Records for the task
>>>>
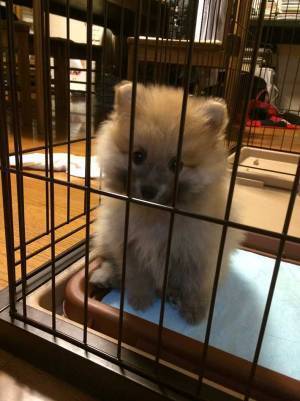 ぬいぐるみのような子犬　成長した姿に「規格外」「これは想像できなかった」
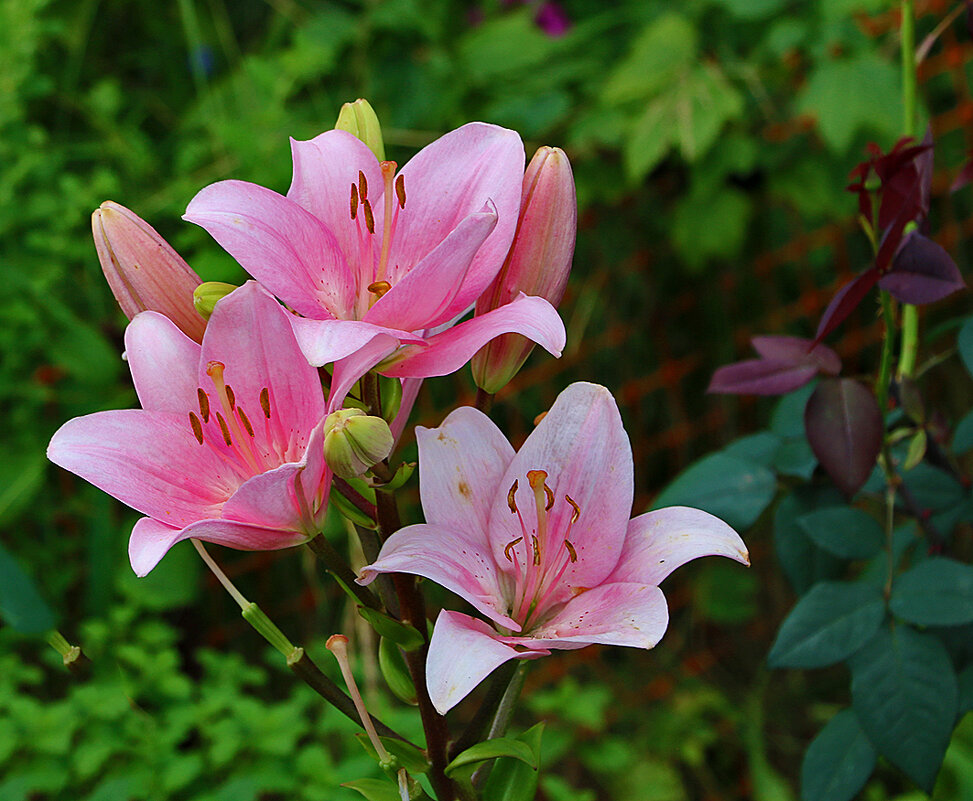 Три гламурные красотки - Светлана 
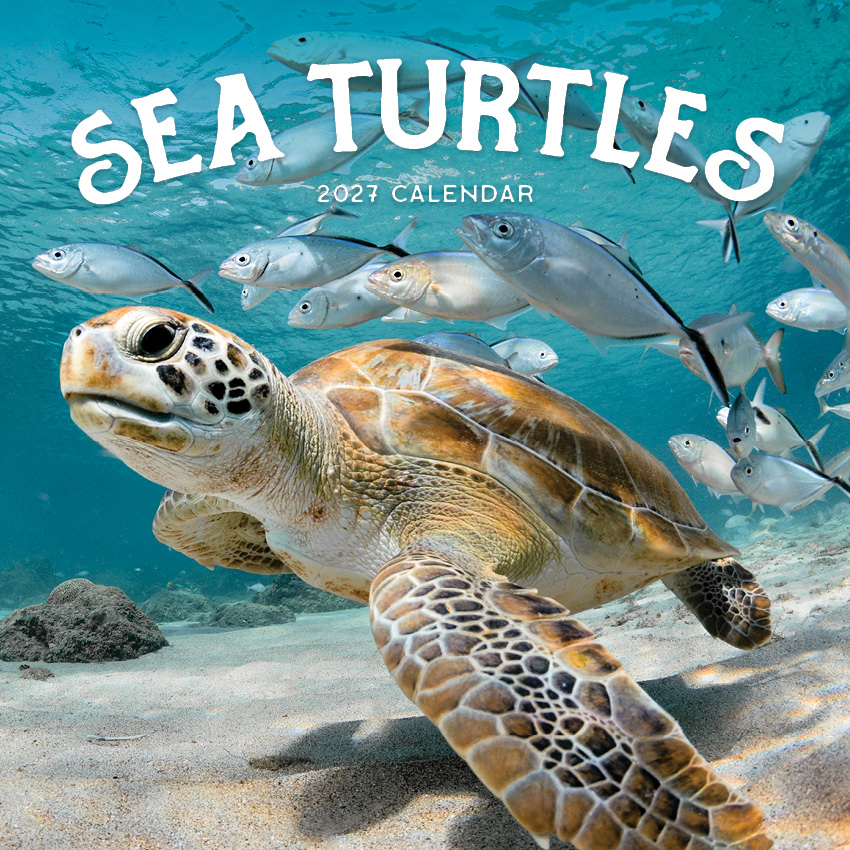Sea Turtles Calendar 2027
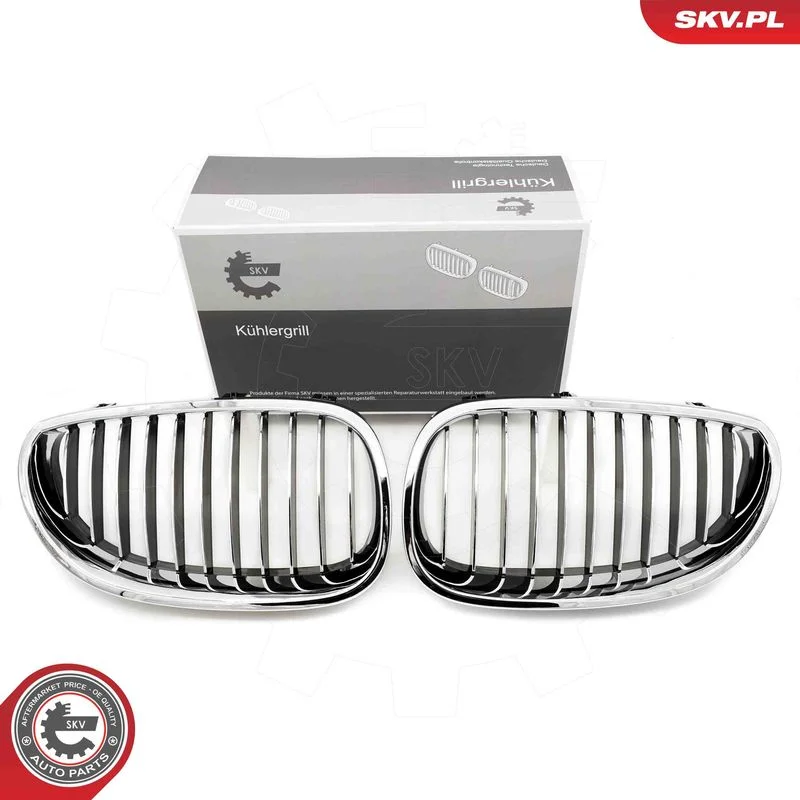Grelha do radiador ESEN SKV 66SKV168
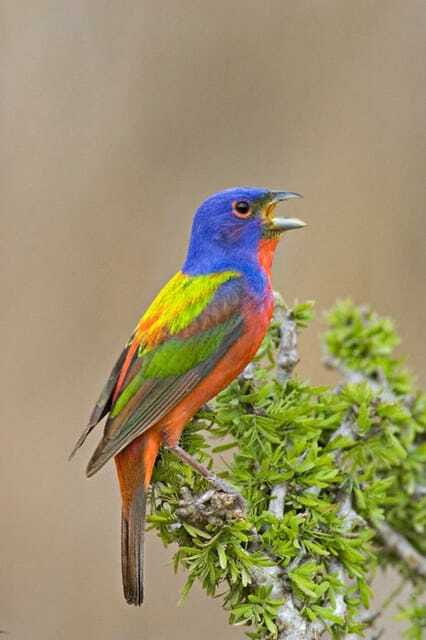 Riviera Maya: Puerto Morelos 4-Hour Bird Watching Tour - Spotting Migratory Birds During Their Journey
<<<<
In your copy, include no pictures; print every line above exactly.

 ぬいぐるみのような子犬　成長した姿に「規格外」「これは想像できなかった」
 Три гламурные красотки - Светлана 
Sea Turtles Calendar 2027
Grelha do radiador ESEN SKV 66SKV168
 Riviera Maya: Puerto Morelos 4-Hour Bird Watching Tour - Spotting Migratory Birds During Their Journey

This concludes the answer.